There are those who think I may be overplaying my new position of grandfather. Perhaps, but the whole thing makes me feel suddenly very old. Change can come very quickly, as it did in the Franz Kafka short story, The Metamorphosis. In it Gregor Samsa discovered that he had turned into a giant ugly bug overnight. Instead of becoming a bug, my fear is that one day I will wake up and find that I have become a grumpy old man (some would suggest there is not much difference in how either one are received).
I have been married to Rhonda for over thirty years. We started out about the same age, but whereas she seems to be getting younger, my aging has accelerated. When I look in the mirror I am much older than the image I carry in my mind and my wallet.
I was walking in the lobby of church a week or so ago with Rhonda when I stopped for some reason (I don’t remember what), and she moved on to take care of something. Two women thought they recognized me and asked if I was who I am. When I happily agreed that I was he, they continued with their questions.
“Your daughter just had a baby right?” one of them asked.
“Yes, she did,” I said.
“It was a little boy wasn’t it?” asked the other.
“Yes, it was,” I replied
“Now was that your daughter or your wife who was just with you?”
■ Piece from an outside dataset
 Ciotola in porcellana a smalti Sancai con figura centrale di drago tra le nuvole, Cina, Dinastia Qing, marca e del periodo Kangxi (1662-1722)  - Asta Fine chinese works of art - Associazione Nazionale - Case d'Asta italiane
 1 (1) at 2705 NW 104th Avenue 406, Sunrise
There are at least a couple ways to interpret this conversation: I look old, Rhonda looks young, or both. She certainly smiles more than I do – maybe that’s it.
I was watching a rerun of the Bob Newhart show (the older one) and Emily, his wife, said to him, “Smile Bob,” and Bob said, “I am.” I couldn’t tell if he was, he may have been. At least he thought he was. I know how he feels; I very often think I am smiling, and then someone says, “Smile.” There was this one woman at church,
who whenever she saw me always said, “Smile.” She passed away and now her husband has taken
up the task. I am inclined to ask “Why?”, but that would just start an
argument. So I smile in a Mona Lisa sort
Mona Lisa, Leonardo da Vinci’s famous painting of a woman has been the subject of debate for hundreds of years. Is she smiling or serious? I read where it depends on the angle of the viewer, the size of the image, the distance to the image, and the lighting. It’s a matter of perspective, I suppose. But I guess it is better to put on a happy face and remove all doubt – or at least appear crazy.
Clearly, a smile can be misinterpreted. When I was in high school Kenny, a friend of mine, took the superintendent’s command, “Wipe that smile off your face,” literally and was escorted to the office for attempting to do so.
There are people who genuinely always seem to be happy. While conducting preliminary research, I asked a cheerful woman named Carole for her secret. “Attitude and gratitude,” she said with a smile. “You have to work at it.” I wrote that one down.
My grandson is beginning to smile – that big broad toothless grin of a happy baby. When I look at him I am reminded that I need to take care of my teeth, or I may wake up someday an old man with a similar toothless smile.